On le sait depuis au moins Christophe Colomb : les forêts, sources de vie et d’oxygène, appellent aussi la pluie. Les raser, pousse à la désertification des espèces et du sol.

Comme solution régénérative, l’agroforesterie désigne les pratiques, nouvelles ou historiques, associant arbres, cultures et-ou animaux sur une même parcelle agricole, en bordure ou en plein champ.

Ces pratiques comprennent les systèmes agro-sylvicoles mais aussi sylvo-pastoraux, les pré-vergers (animaux pâturant sous des vergers de fruitiers)…

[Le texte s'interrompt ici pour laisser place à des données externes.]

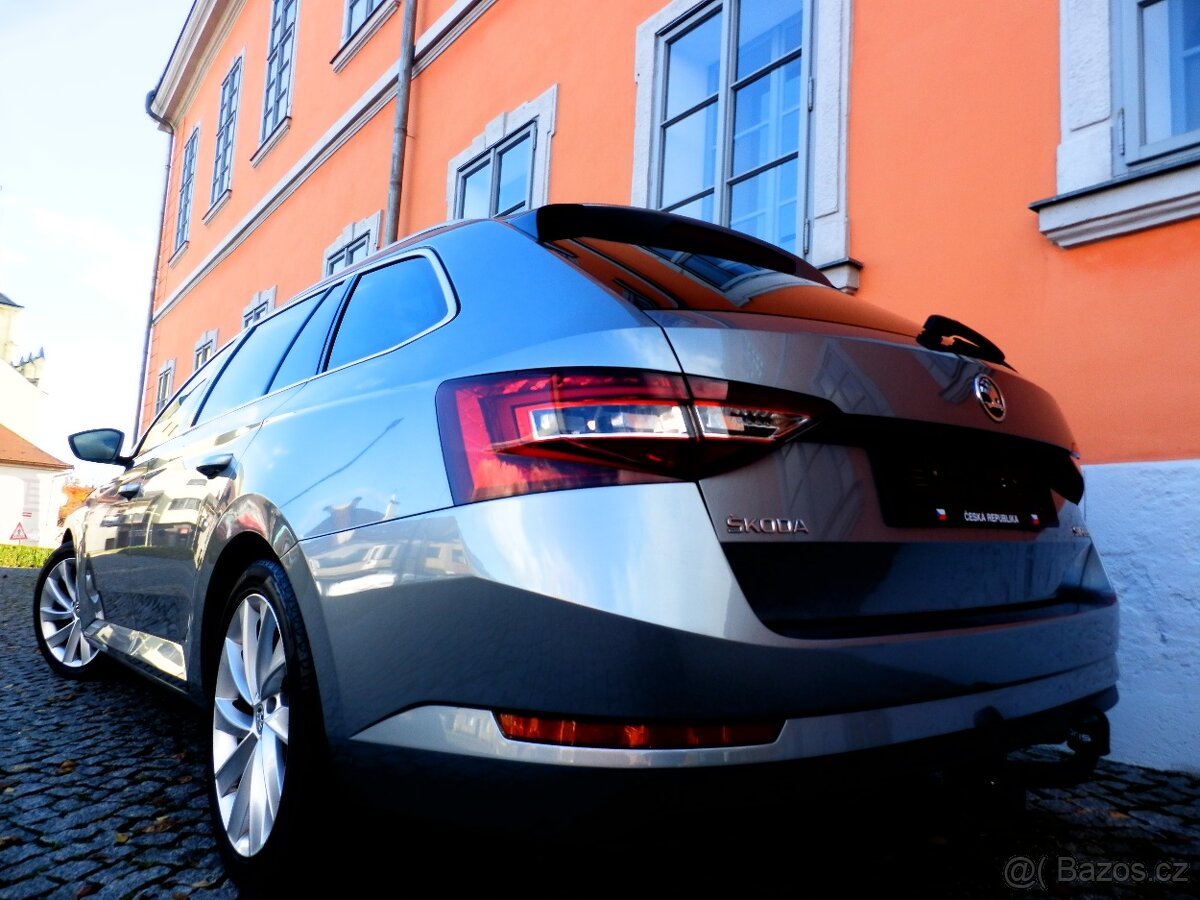 ŠKODA Superb Combi L&K 2,0 TDI 140 kW DSG 4x4 PANORAMA - 4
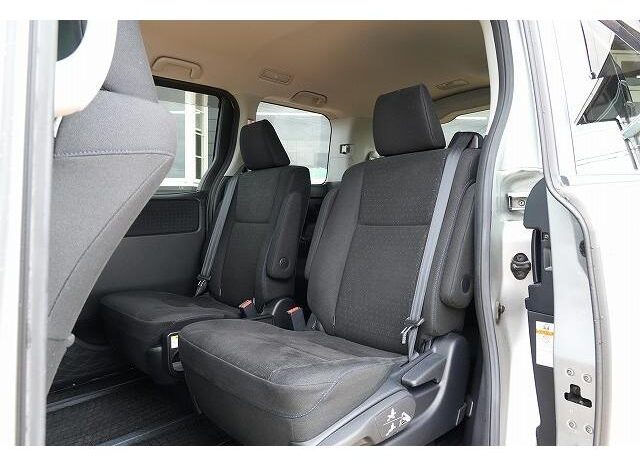 
								TOYOTA VOXY 2015 full									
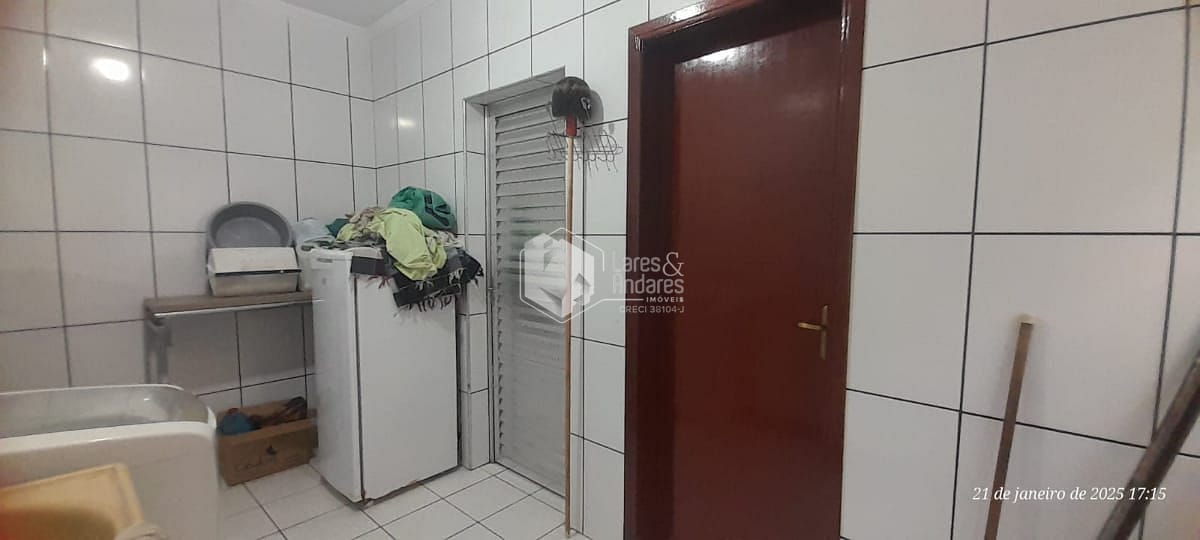 Casa à venda com 4 quartos, 303m² - Foto 40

Les apports de l’arbre en milieu agricole sont nombreux :

Améliorer la production des parcelles en optimisant les ressources du milieu

Pré-verger de fruitiers paturés

L’expérimentation INRA sur un système blé-noyers à Restinclières (Hérault) a montré qu’une parcelle agroforestière de 100 ha pouvait produire autant de biomasse (bois et produits agricoles) qu’une parcelle de 136 ha où arbres et cultures auraient été séparés, soit un gain de 36%. Cette intensification de la production résulte d’une meilleure utilisation des ressources naturelles du milieu : la lumière, l’eau et les engrais sont prélevés plus efficacement grâce à un étagement des cultures, des systèmes racinaires de profondeurs variées, une occupation du sol permanente…

Association fruitiers/maraichage

Recherche de complémentarité : l’arbre remonte par exemple l’eau et les minéraux des couches profondes du sol pour les remettre à disposition des cultures de surface. La création d’un micro-climat sur la parcelle protège également les cultures et les animaux des stress thermiques et hydriques. L’arbre pourrait notamment permettre d’amortir les accidents climatiques, en partie responsables de la stagnation des rendements des céréales en Europe

Association arbres/lavandin

Diversifier la production des parcelles

Les arbres permettent de diversifier les services et sources de revenu sur l’exploitation : productions agricoles, bois d’œuvre, bois énergie, fruits, fourrage, litière, paillage…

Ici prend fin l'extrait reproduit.